I should begin by saying: professors are still the best people to ask for letters. If you do nothing else in your misbegotten academic career, develop relationships with your professors. Platonic, preferably, but whatever works, eh? After that disclaimer, though, understand that professors are much less necessary as letter writers when you’re five years or more out than just one. Admissions officers, by and large, understand that five or more years after graduation, few people still have deep enough relationships with professors to garner good letters. Although your academic profile is still hugely important in the metric for deciding on your application, recommendations based off your work experience become increasingly acceptable as your years of working accumulate.
So. What constitutes a good letter, if it’s not an academic letter, you ask?
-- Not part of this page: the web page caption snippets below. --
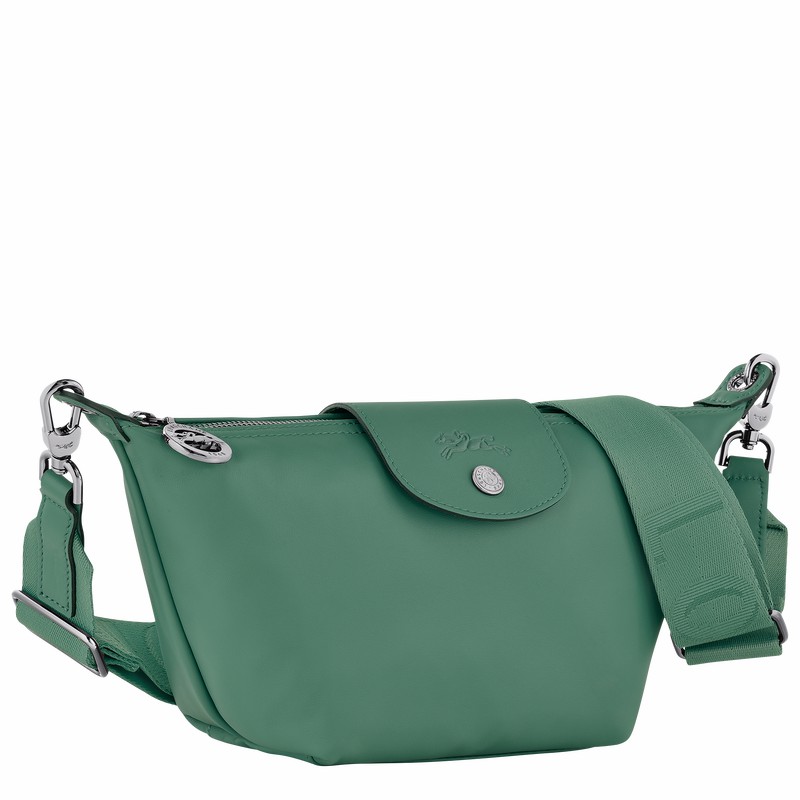 Longchamp Le Pliage Xtra XS Crossbodytassen Dames Olijfgroen Uitverkoop | 10212987D90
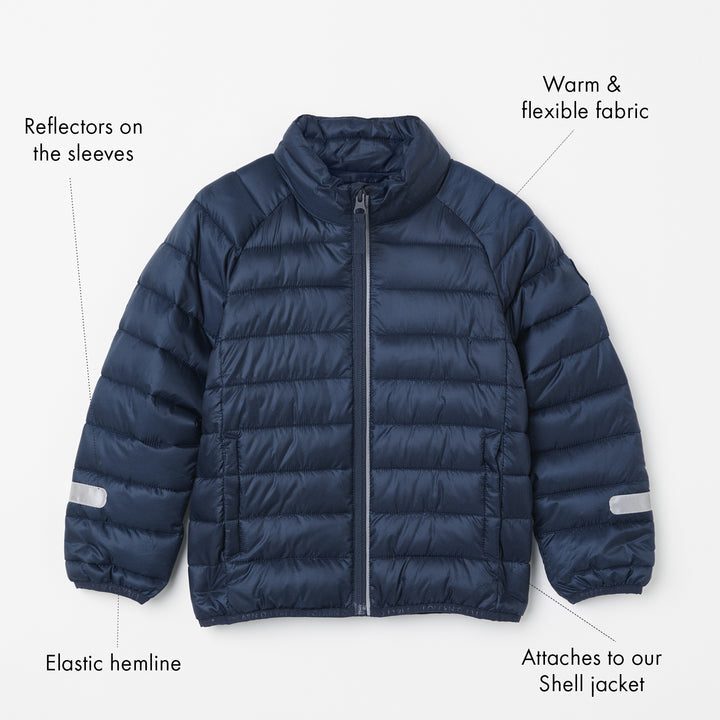 FROSTY primaloft úlpa - smellist í skel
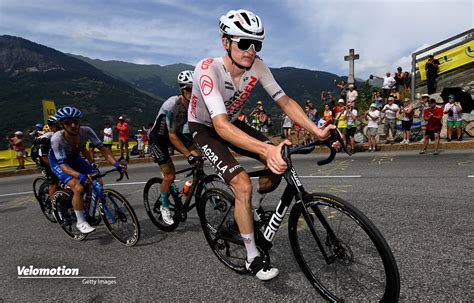 Tour De France Felix Gall Vinder Sensationelt I Courchevel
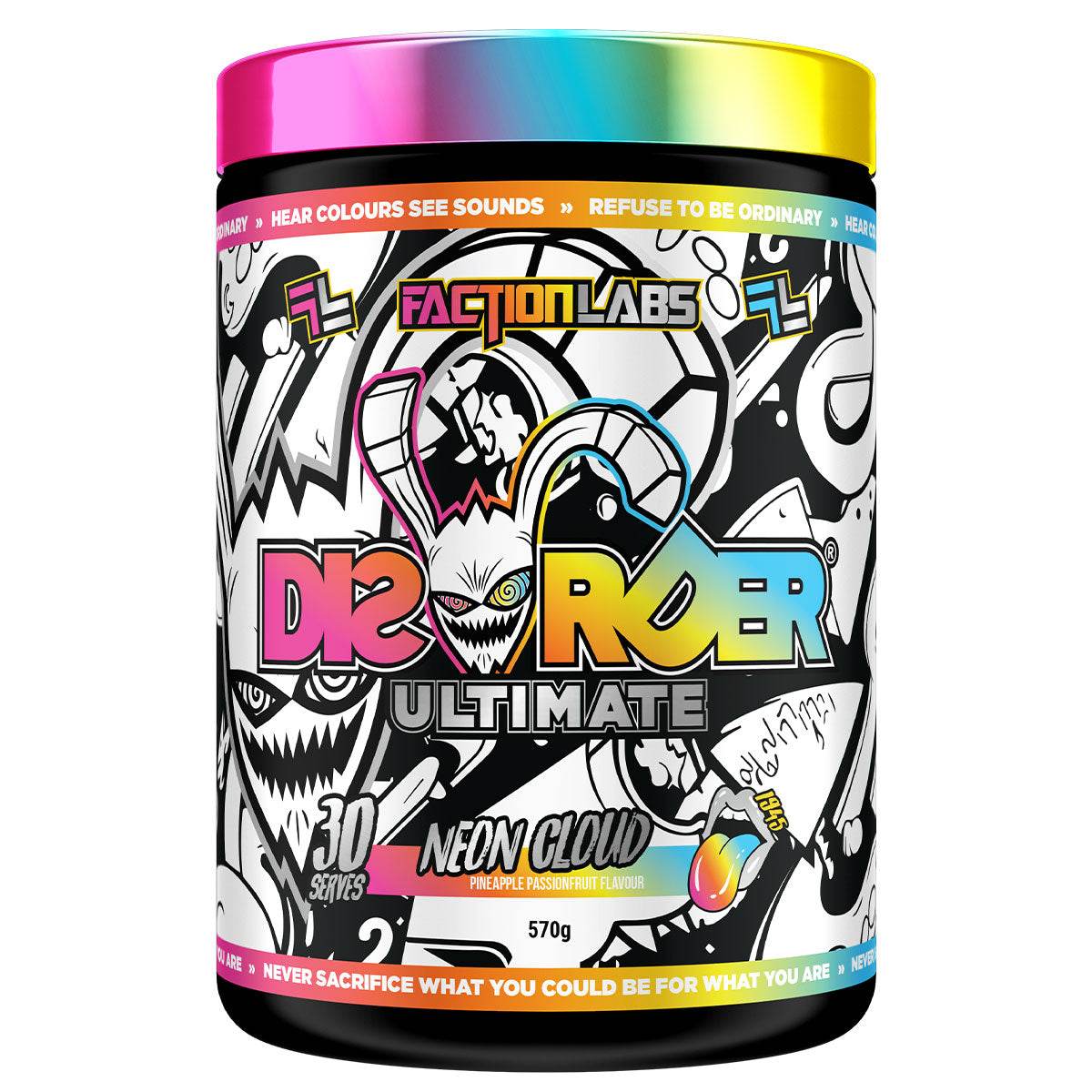 Faction Labs Disorder Ultimate Pre-Workout - NZ Muscle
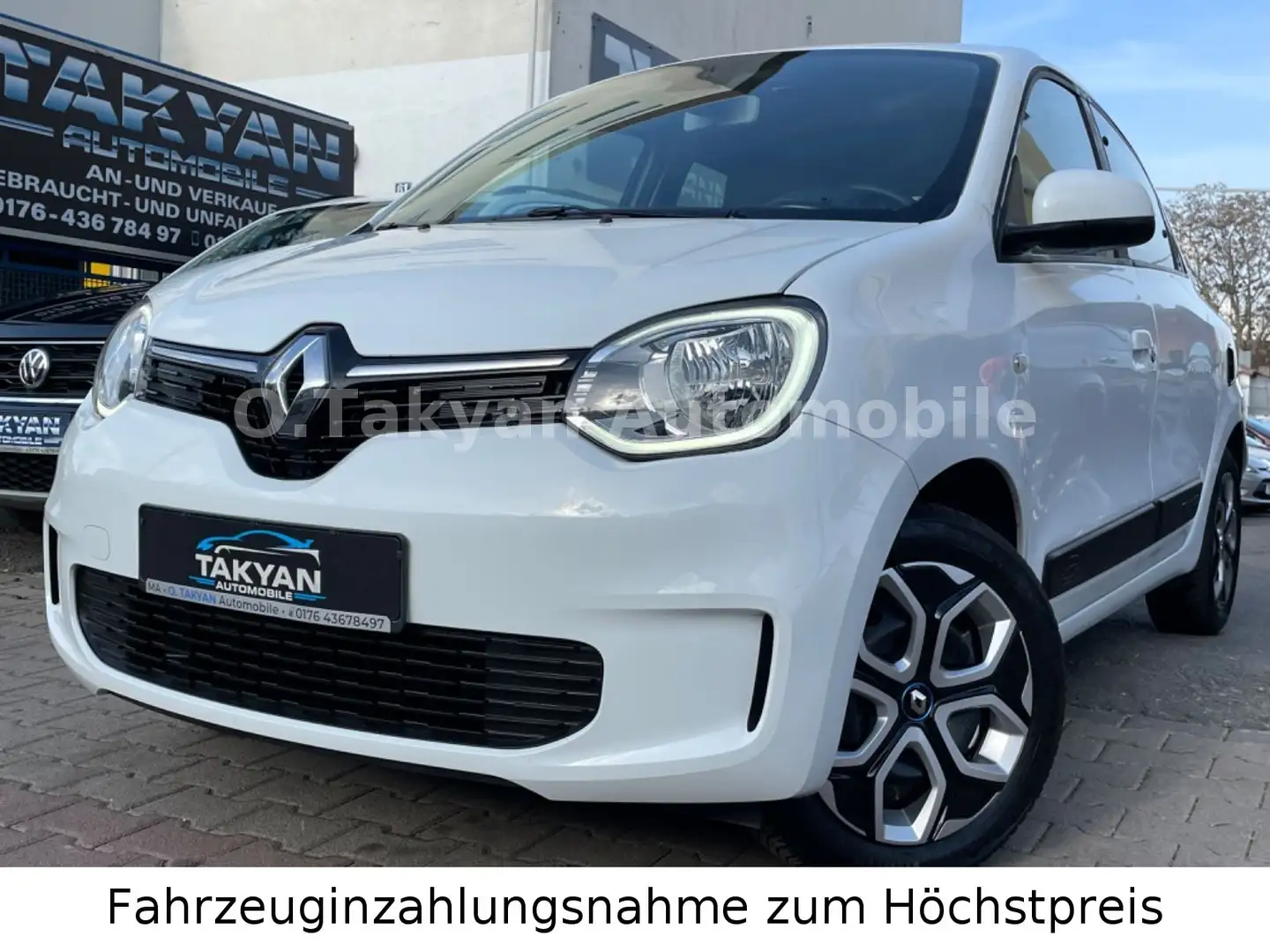 Renault Twingo Zen Electric * inkl Batterie 22 KWh Weiß - 1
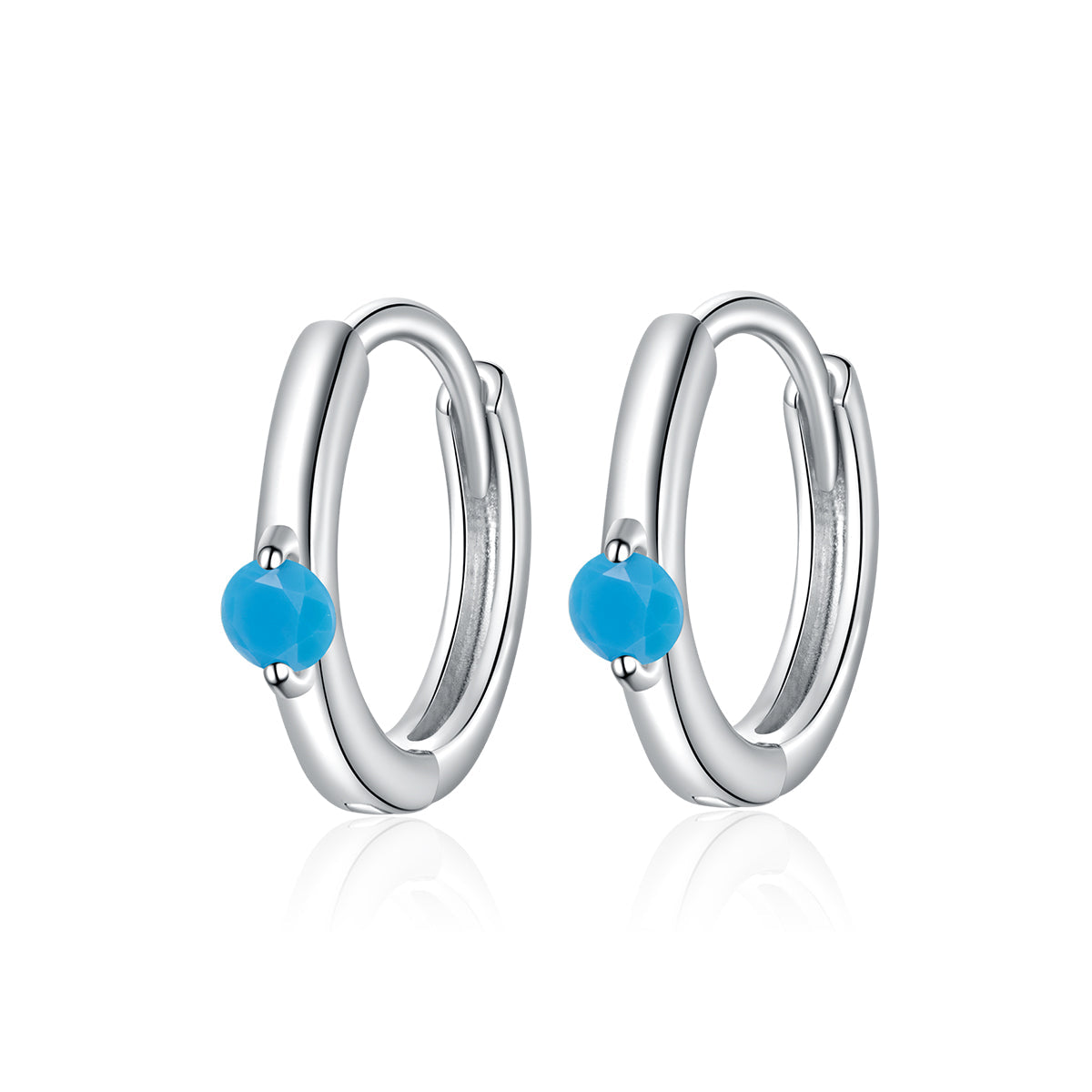 925 Sterling Silver Pavé Setting CZ Gold Plated Earrings for Women DestGlow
Fantastic question!
Although everything in life depends on the whims of the admissions officers from each individual school (seriously: everything), generally you want letters that a) do not all talk about the same thing, b) speak to other parts of your application, c) discuss work ethic, intellect, curiosity, philanthropic endeavors, and basically everything else that would typically be discussed by professors, and d) offer sexual favors to the admissions officer in place of a salutation. Not really on d; just wanted to make sure you were reading.
Because you’re probably not going to have letters that actually reflect your academic performance, you’re going to have to do the next best thing and ask for letters that reflect the qualities and factors necessary for a good academic performance: namely work ethic, work interest, and intelligence. If you write about how you worked to stop inbreeding in Amish communities (I can insult them because hey, they don’t have the Internet!), you’ll want your supervisor at Stop Amish Inbreeding Now (SAIN) to write you a letter about how interested you were in the experience and how much effort you put into something you were so passionate about.
There is even an advantage to getting work letters as opposed to academic letters. Where your average history professor has 5 to 10 thousand people asking for a letter of recommendation for law school every semester, most of whom do not actually know the professor, you almost certainly deal with your boss every day and you’re probably the only person he or she is recommending to law school. In that environment, you will likely have much more influence on what actually gets put into the letter.
Again, it’s nice to get academic letters. But for you oldsters out there who have creaking hips and are wondering what the other side of 30 is going to look like, letters from bosses at work or supervisors at your various organizations discussing your veritably ethereal qualities will suffice.